Well, got some feed back from another tile specialist, who agreed with the owner of the tile shop that there's no need to remove the top of the concrete hearth for the tile's sake, which was what I was originally thinking (worried that the concrete and backer board would shift and cause tile cracks).  Both tile guys now have recommended just making sure the cement backer board is stabilized with thinset and screwed, and that fiberglass tape is placed across the joints.  Even with the 12" x 12" tiles we'll be using, they both still thought it would be fine.  So, much less work for me!  We'll be leaving our concrete hearth intact and placing backer board around it.  

Elmoleaf, the only difference is that our concrete hearth is actually level with the hardwood floor.  That was kindof why I was thinking of trying to break down the surface, to get it level with the subflooring, but now instead I'll be working around it since the tile guys said it shouldn't be a problem and the r-value is fine.  

Interesting about the hearth form.  I'm kindof scared it would fall down if the wood were removed.  I assume the concrete was poured long after the foundation, since it was poured level with the hardwood floor and exactly fitting the picture frame around the hearth.  

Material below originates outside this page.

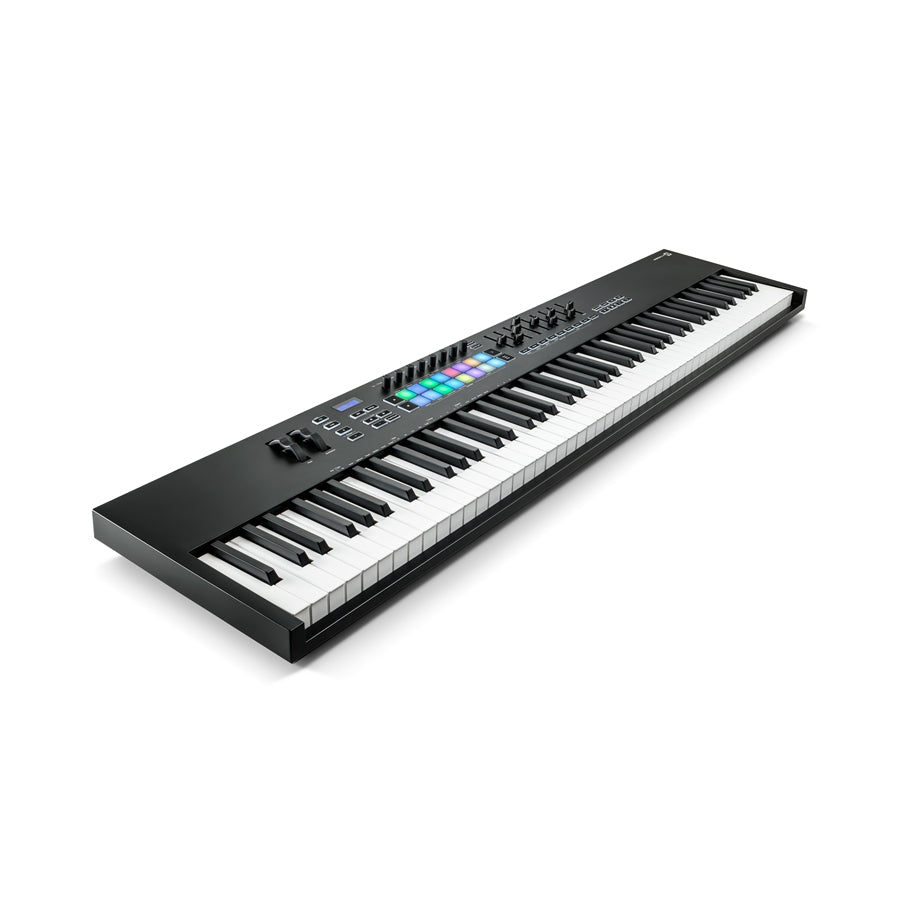 Novation Launchkey 88 Mk3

BeGreen (or anyone else, for that matter), wondering if I could use 1/2" micore + 1/4" durock cement backer board underneath the tile at the foremost 9" of the hearth, making my insulation/non-combustible layer equal the height of the concrete hearth (hopefully).  Our Home Depot has the old-style 1/4" durock.  Practically speaking, does the thinset between the backer boards and the sublayers take up height?

I also got some clarification on the issue of putting more plywood subflooring under concrete backer board, as was brought up in another thread I read late at night yesterday.  Apparently, before putting tile down, you're supposed to have more than an inch (I think an inch and a quarter?) of subflooring (such as plywood) to prevent any bounce that might cause tiles to pop off or crack.  This second tile guy wasn't too worried about that from a practical stand point, but did know where the concern arises from.  Still wondering if one can reinforce the plywood from below somehow, but it doesn't make sense to me, more wishful thinking.


----------



## traviswalken (Oct 16, 2010)

If this has already been covered, sorry.

I noticed in a prior post you were planning to provide 18" of hearth in front of the door.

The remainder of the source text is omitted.